Therefore if anyone is in Christ, he is a new creature; the old things passed away; behold, new things have come. 2 Corinthians 5:17
Three years ago I was on a path of absolute destruction.
I chose to allow pain to consume me, and I felt like I was literally drowning in sorrow.
It took me a little time, and a whole lotta Jesus to come out of the heavy depression I was in…but I came out of it alive. Which is not something I am able to say for some people who have gone through similar sorrows.
I think sometimes we get so caught up in the horrible things that have happened in our lives, that we forget about the great things that have happened too. I am guilty of this.
Shaking my fist at Heaven for what has hurt me, but rarely getting down on my knees and praising God for ALL the good He has done in my life, and all of the things He has protected me from that I know nothing about.
Sometimes it feels easier to be angry instead of grateful.
But the incredible thing about Jesus, is that He thinks I am awesome anyway.
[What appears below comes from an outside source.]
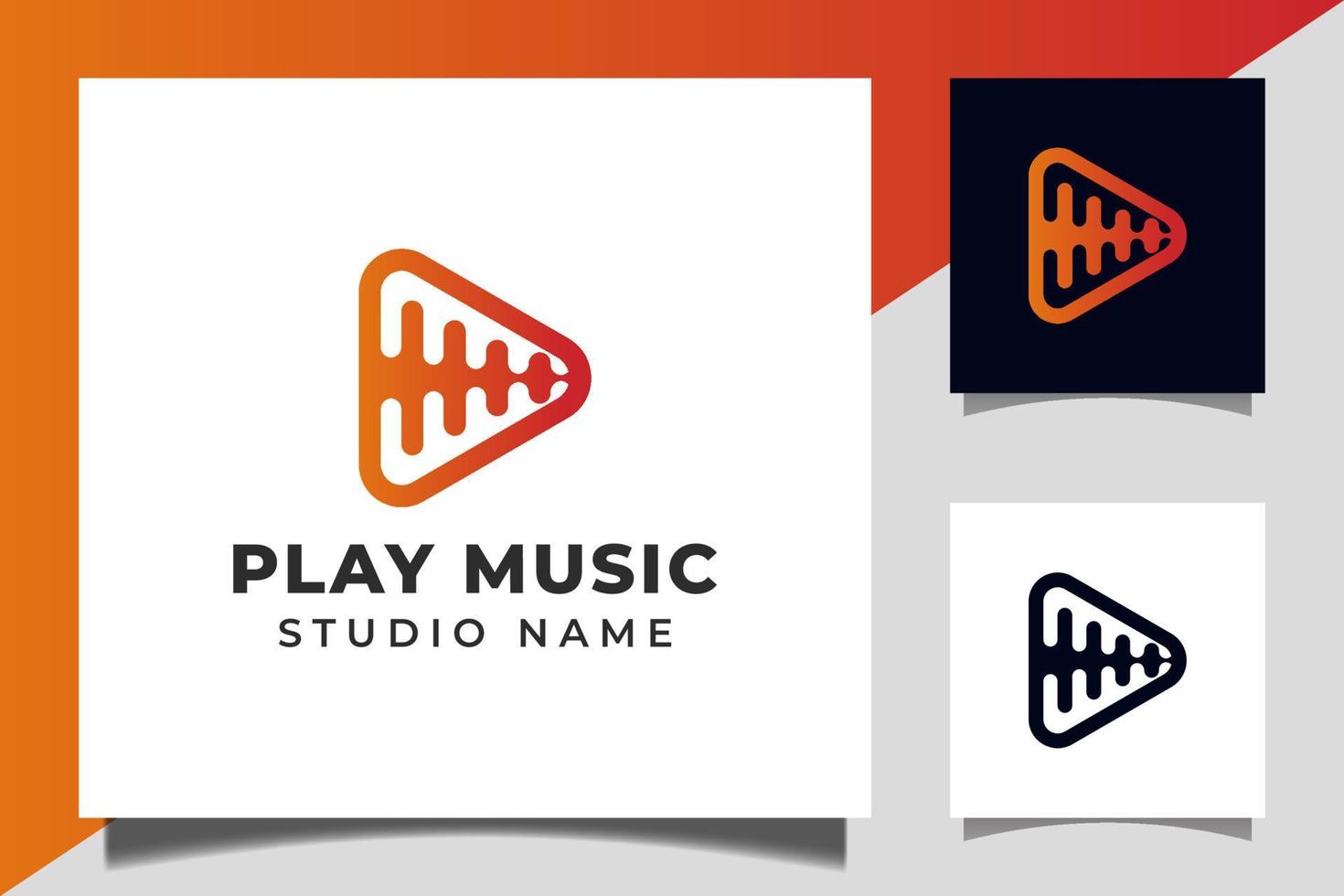 Play-Button-Icon-Vektor mit Puls-Musik-Player-Design für Logo-Vorlage für Multimedia-Musikstudios vektor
He thinks I am the best even when I forget to pray or lash out in anger instead of praise. He loves me for who I am even though he has seen me through every deep, nasty piece of my life.
He’s seen me through the deepest sorrow and the highest joy, and today, I just want to thank Him for it all. The deepest sorrows were painful lessons learned (that I may still never fully understand this side of Heaven) and the highest joys were a reminder of how amazing this crazy life is.
I am thankful for a new life which will never end.